▶ **DATA SHOWN**:

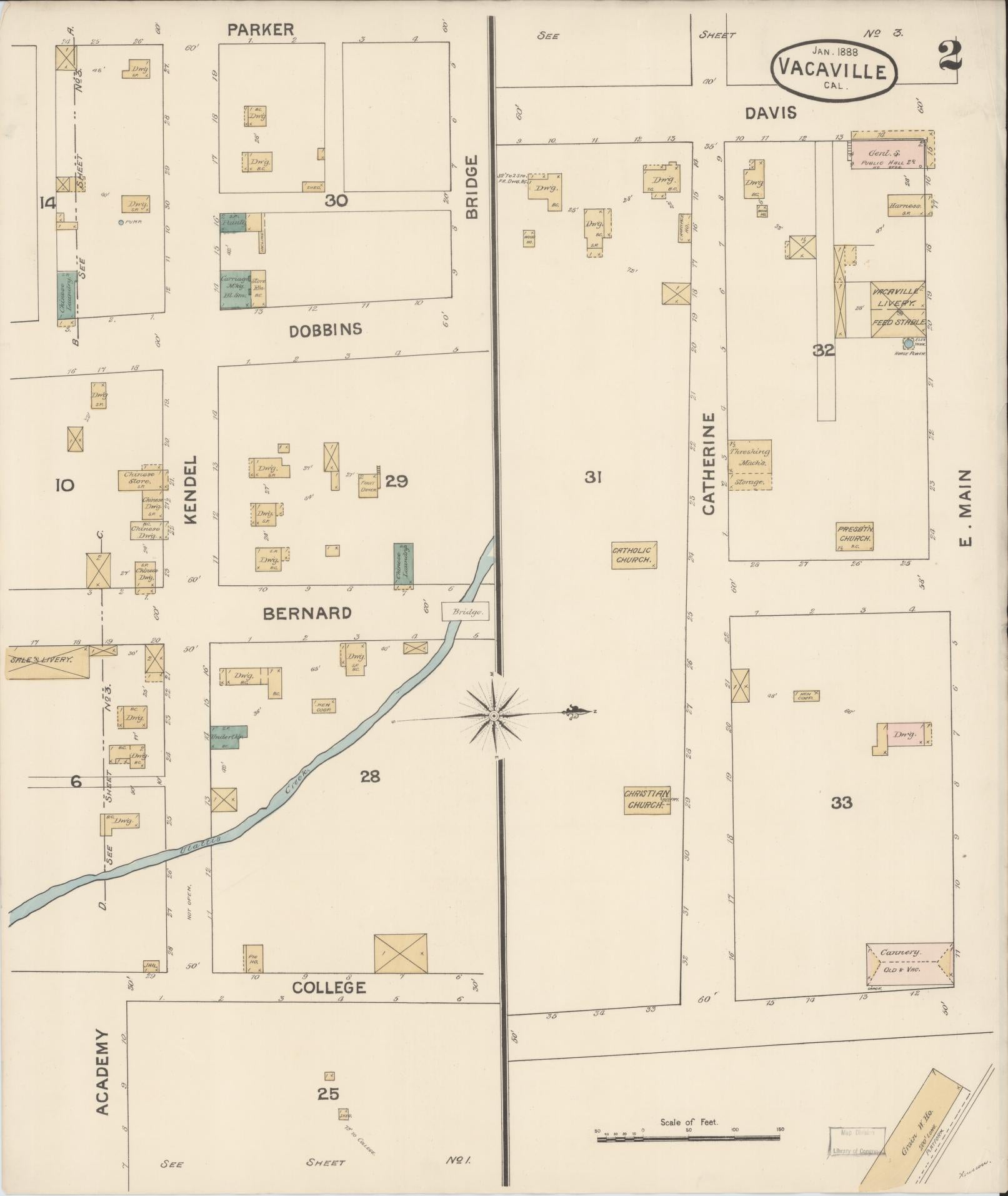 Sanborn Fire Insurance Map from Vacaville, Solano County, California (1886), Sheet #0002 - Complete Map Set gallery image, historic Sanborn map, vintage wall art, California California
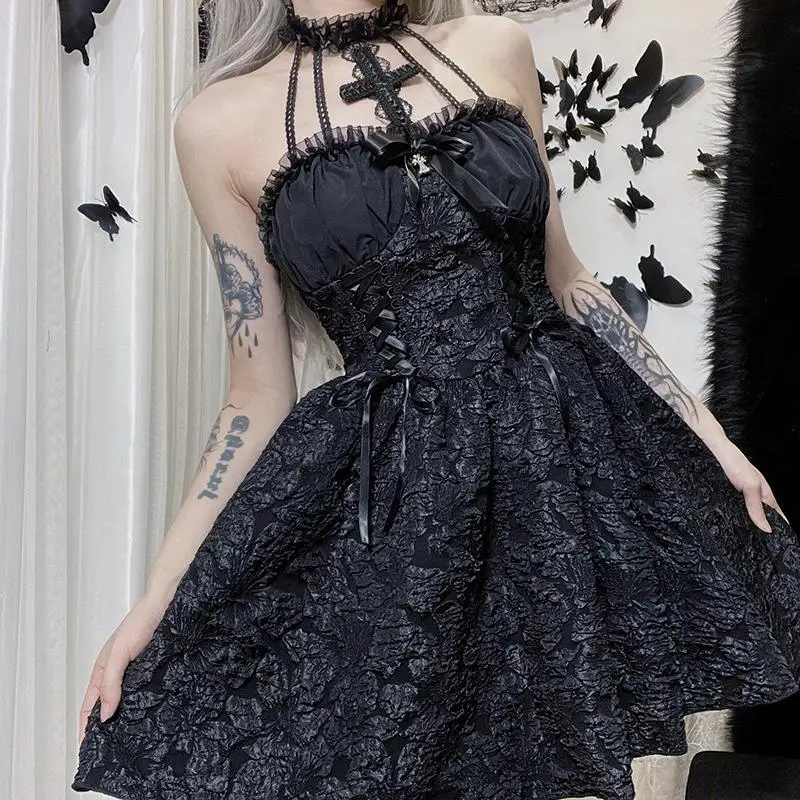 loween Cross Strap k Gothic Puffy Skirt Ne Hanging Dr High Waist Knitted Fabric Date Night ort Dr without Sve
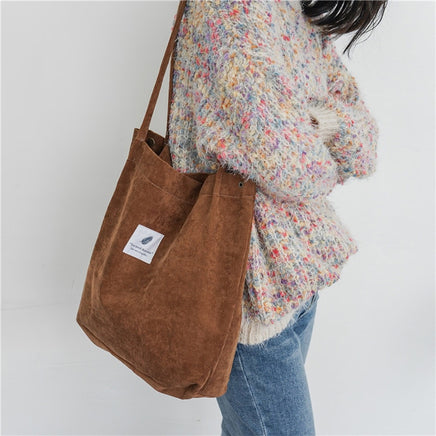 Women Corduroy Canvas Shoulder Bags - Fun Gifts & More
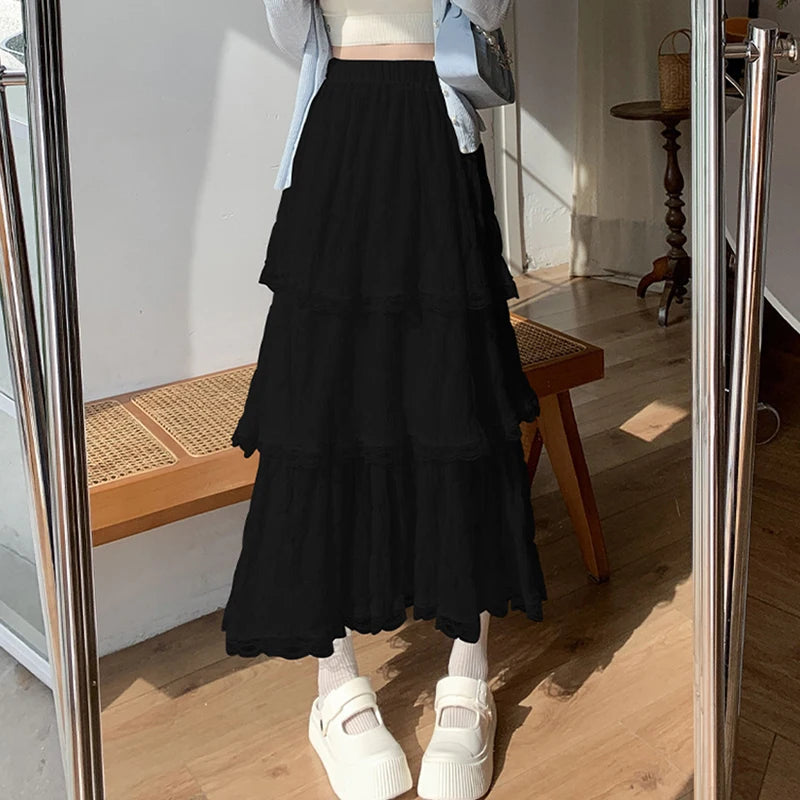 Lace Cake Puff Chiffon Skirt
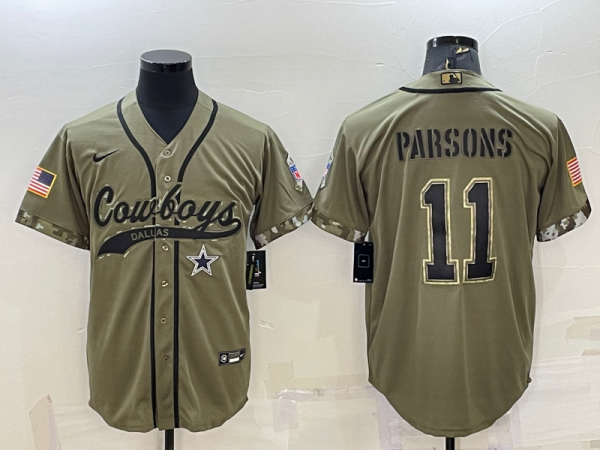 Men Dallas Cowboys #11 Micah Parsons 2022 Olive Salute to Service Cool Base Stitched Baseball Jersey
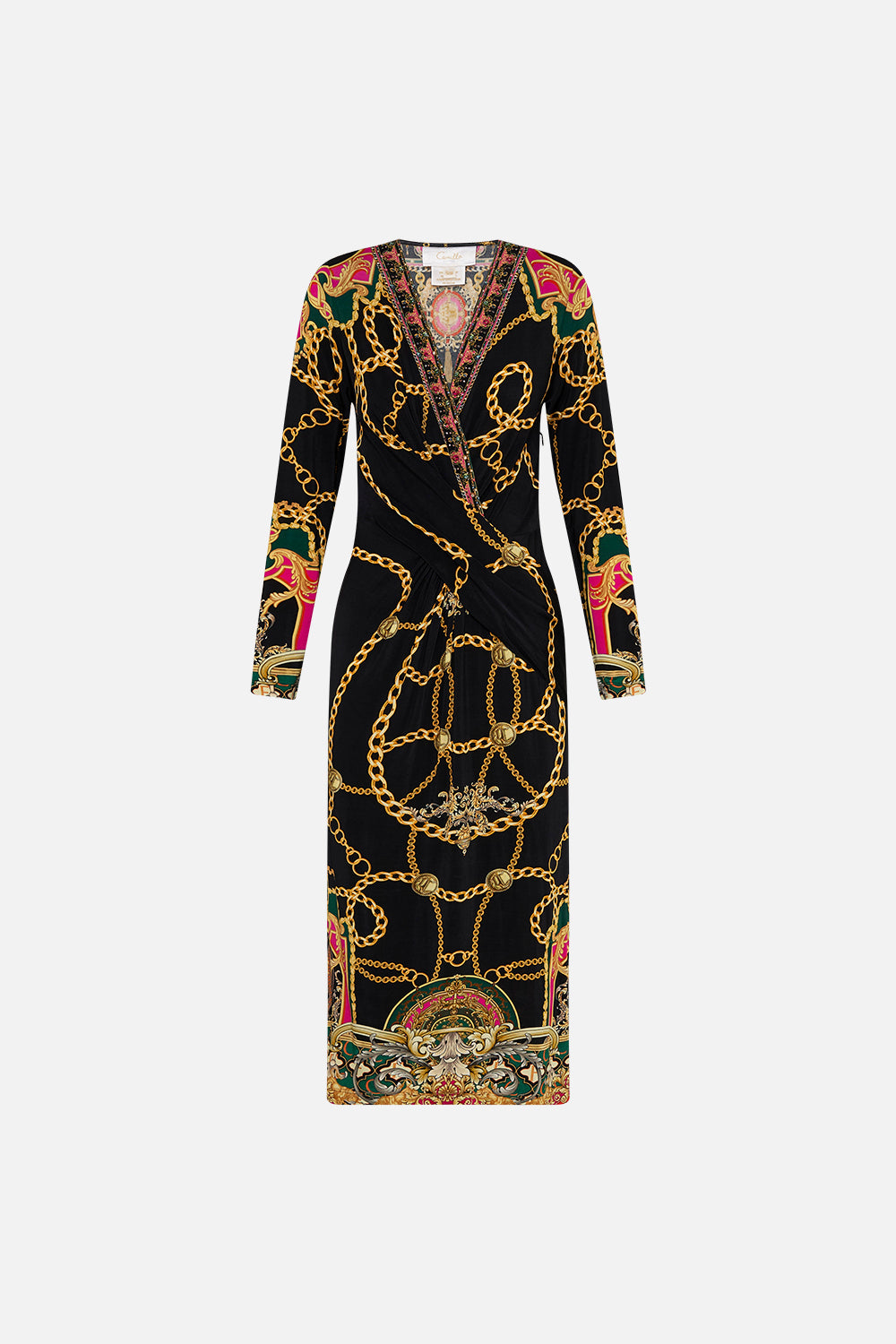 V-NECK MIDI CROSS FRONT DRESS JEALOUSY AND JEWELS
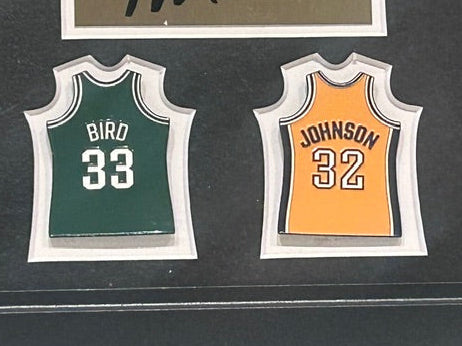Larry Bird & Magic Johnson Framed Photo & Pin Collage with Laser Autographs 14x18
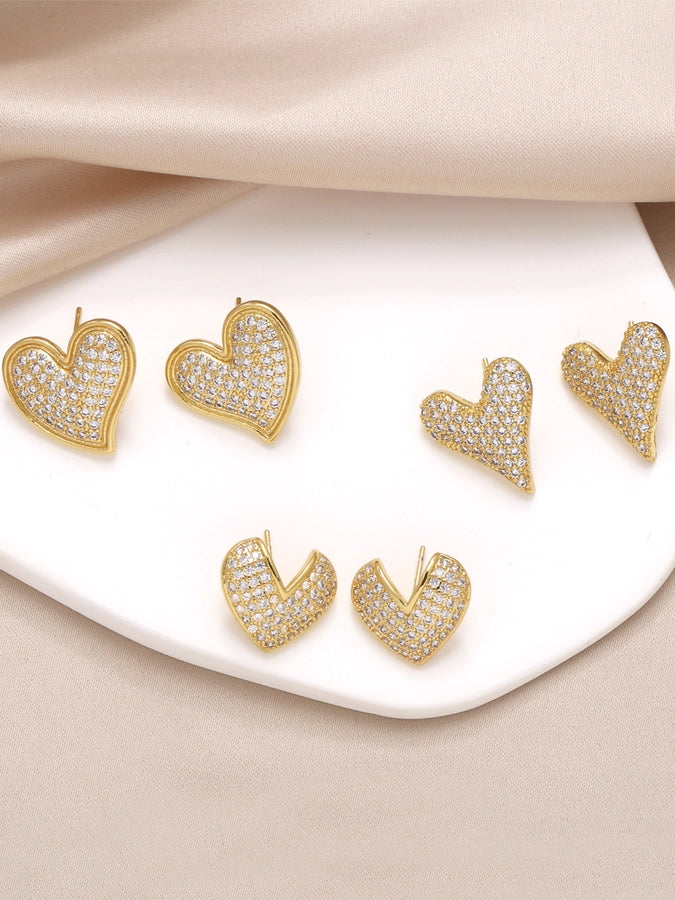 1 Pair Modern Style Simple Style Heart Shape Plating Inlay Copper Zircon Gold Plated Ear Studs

▶ **WHAT YOU HAVE TO DO**:
An exact copy is needed of the lines running from the one containing "Men Dallas Cowboys" through the last line of the material, and of no others; pictures stay out.

▶ **ANSWER TO THIS PROBLEM**:
 Men Dallas Cowboys #11 Micah Parsons 2022 Olive Salute to Service Cool Base Stitched Baseball Jersey
 V-NECK MIDI CROSS FRONT DRESS JEALOUSY AND JEWELS
Larry Bird & Magic Johnson Framed Photo & Pin Collage with Laser Autographs 14x18
 1 Pair Modern Style Simple Style Heart Shape Plating Inlay Copper Zircon Gold Plated Ear Studs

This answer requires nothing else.